The common data elements for predictive maintenance problems can be summarized as follows:
It is possible that failure history is contained within maintenance history, either as in the form of special error codes or order dates for spare parts. In those cases, failures can be extracted from the maintenance data. Additionally, different business domains may have a variety of other data sources that influence failure patterns which are not listed here exhaustively.
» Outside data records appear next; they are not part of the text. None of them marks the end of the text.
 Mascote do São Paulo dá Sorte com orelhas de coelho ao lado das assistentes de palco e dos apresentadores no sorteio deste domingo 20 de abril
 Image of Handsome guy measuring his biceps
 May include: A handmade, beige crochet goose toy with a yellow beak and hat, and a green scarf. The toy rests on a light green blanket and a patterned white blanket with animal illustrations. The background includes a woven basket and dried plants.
These should be identified by consulting the domain experts when building predictive models.
Some examples of above data elements from use cases are:
Machine conditions and usage: Flight routes and times, sensor data collected from aircraft engines, sensor readings from ATM transactions, train events data, sensor readings from wind turbines, elevators and connected cars.
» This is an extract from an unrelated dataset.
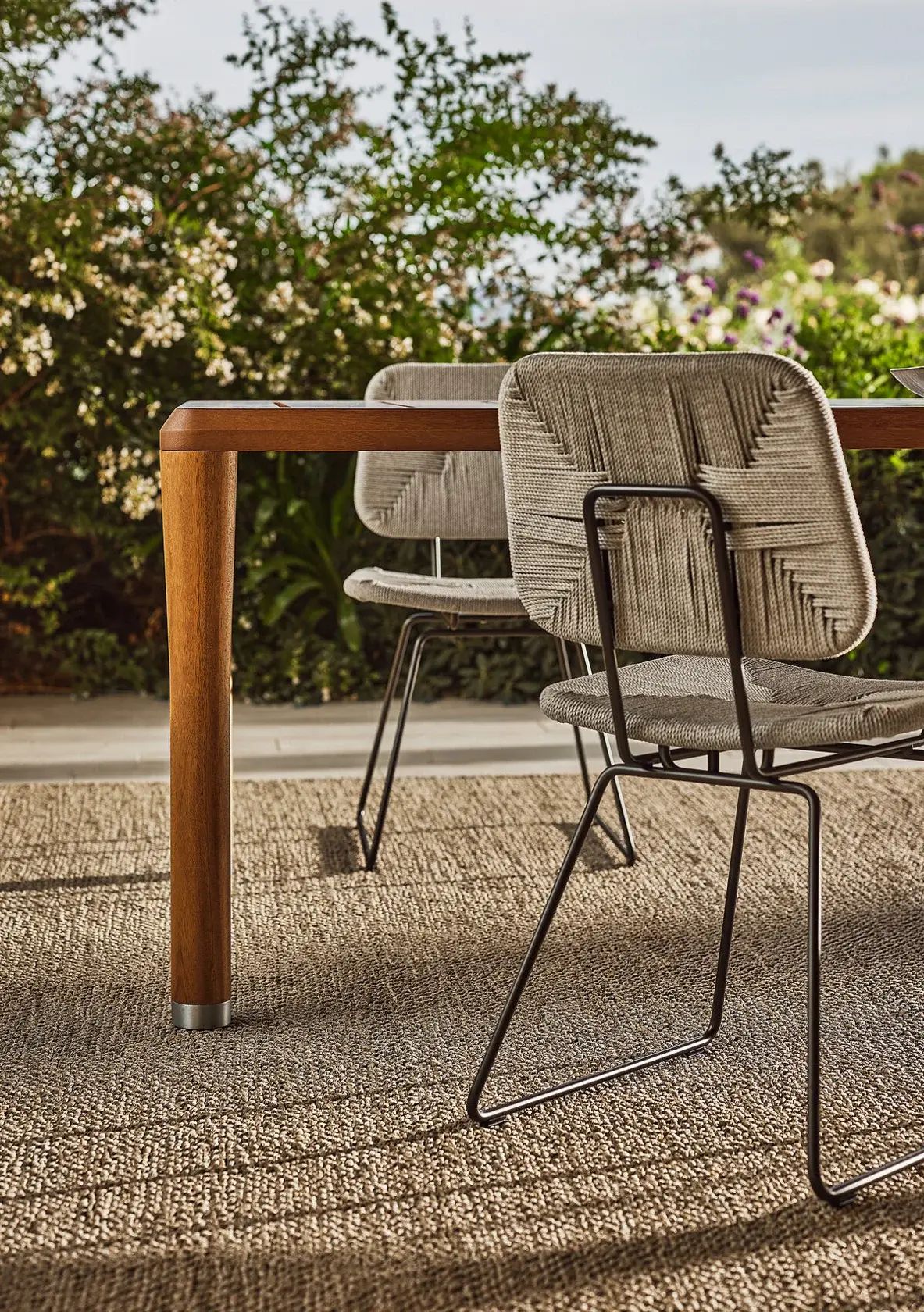 Dos sillas de mimbre junto a una mesa de madera en un patio soleado con árboles al fondo.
Machine features: Circuit breaker technical specifications such as voltage levels, geolocation or car features such as make, model, engine size, tire types, production facility etc.
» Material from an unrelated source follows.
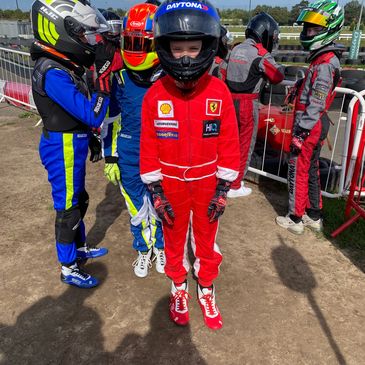 Young go-kart racers in colorful racing suits and helmets prepare for a race on a sunny day.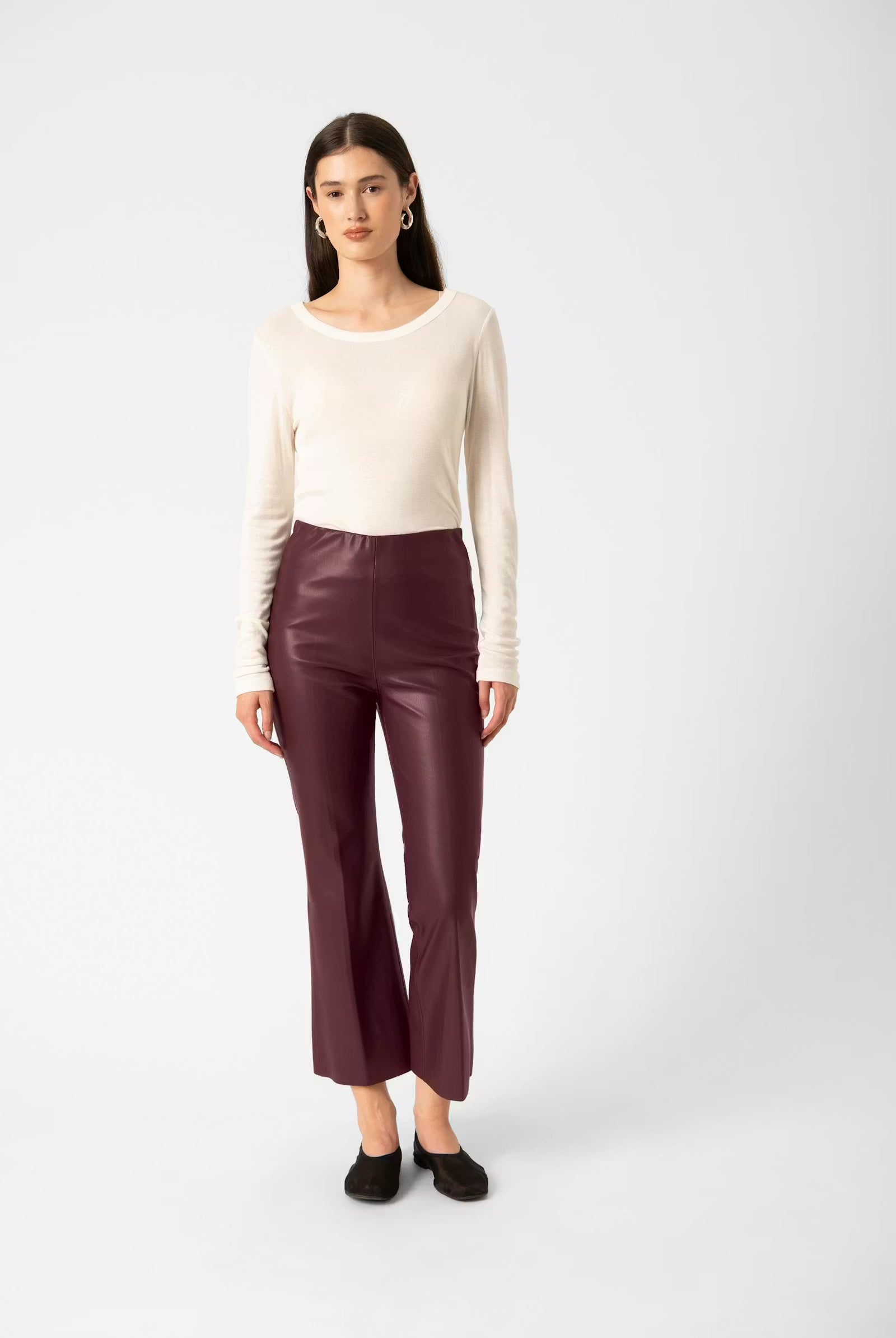Woman wearing a white top and maroon pants on a white background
Failure history: fight delay dates, aircraft component failure dates and types, ATM cash withdrawal transaction failures, train/elevator door failures, brake disk replacement order dates, wind turbine failure dates and circuit breaker command failures.
Maintenance history: Flight error logs, ATM transaction error logs, train maintenance records including maintenance type, short description etc. and circuit breaker maintenance records.
Given the above data sources, the two main data types we observe in predictive maintenance domain are temporal data and static data. Failure history, machine conditions, repair history, usage history are time series indicated by the timestamp of data collection. Machine and operator specific features, are more static, since they usually describe the technical specifications of machines or operator’s properties.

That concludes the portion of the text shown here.